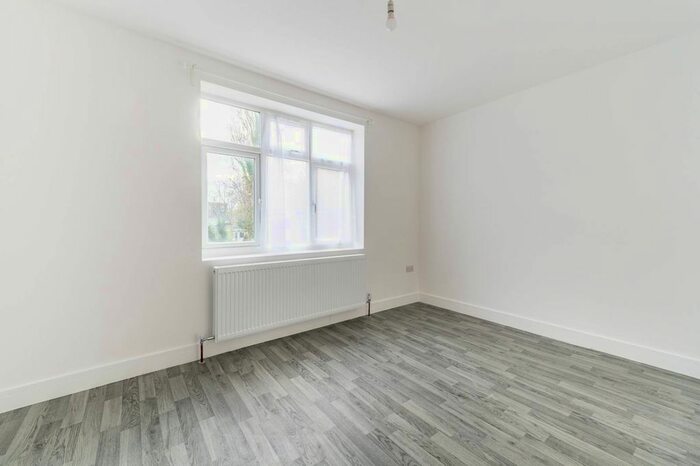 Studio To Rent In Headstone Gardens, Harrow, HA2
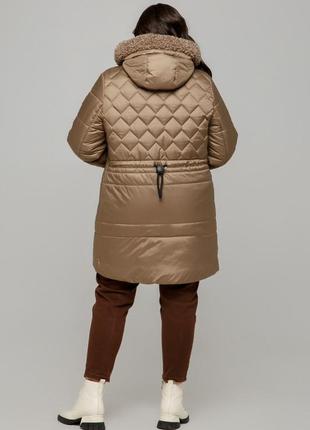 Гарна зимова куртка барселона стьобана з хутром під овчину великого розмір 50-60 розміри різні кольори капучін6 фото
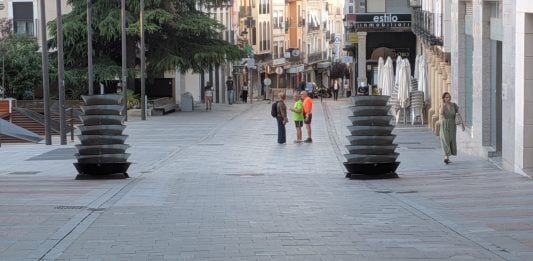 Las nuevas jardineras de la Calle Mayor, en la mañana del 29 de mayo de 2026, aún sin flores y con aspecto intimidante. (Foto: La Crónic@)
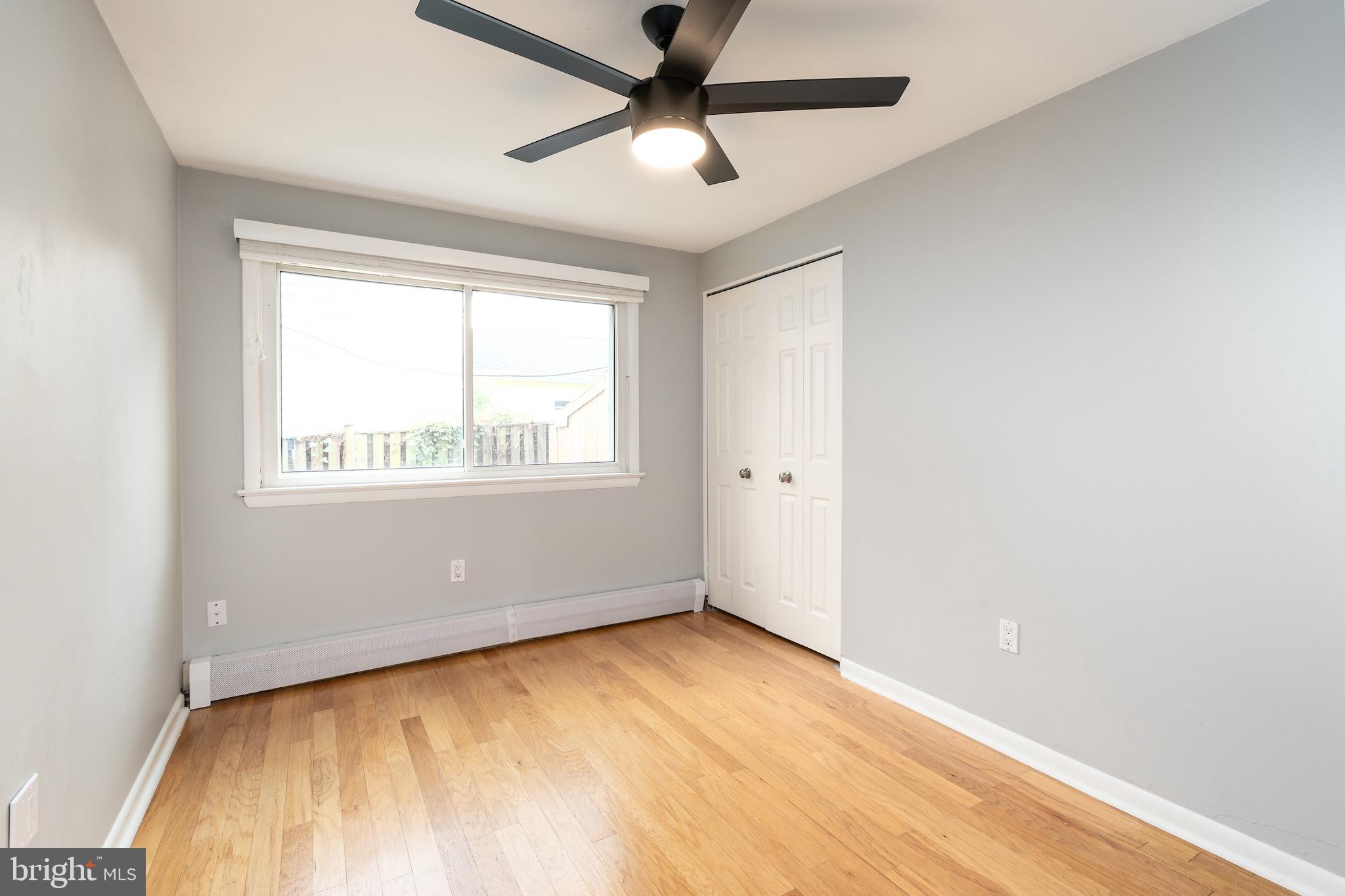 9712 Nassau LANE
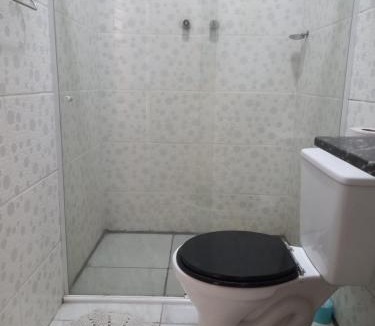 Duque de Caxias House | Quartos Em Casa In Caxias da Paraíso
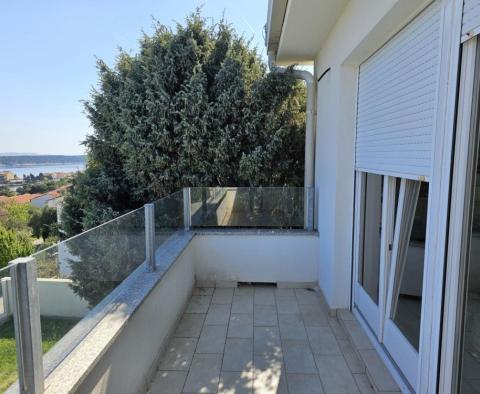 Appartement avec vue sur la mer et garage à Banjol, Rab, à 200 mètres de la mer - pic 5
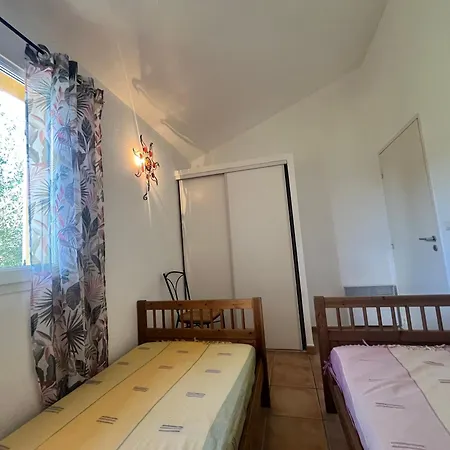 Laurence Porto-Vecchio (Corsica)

-*-

__What to produce__.
Write every entry again exactly as given, skipping the pictures.

__Answer to the exercise__.
 Studio To Rent In Headstone Gardens, Harrow, HA2
 Гарна зимова куртка барселона стьобана з хутром під овчину великого розмір 50-60 розміри різні кольори капучін6 фото
 Las nuevas jardineras de la Calle Mayor, en la mañana del 29 de mayo de 2026, aún sin flores y con aspecto intimidante. (Foto: La Crónic@)
 9712 Nassau LANE
 Duque de Caxias House | Quartos Em Casa In Caxias da Paraíso
 Appartement avec vue sur la mer et garage à Banjol, Rab, à 200 mètres de la mer - pic 5
 Laurence Porto-Vecchio (Corsica)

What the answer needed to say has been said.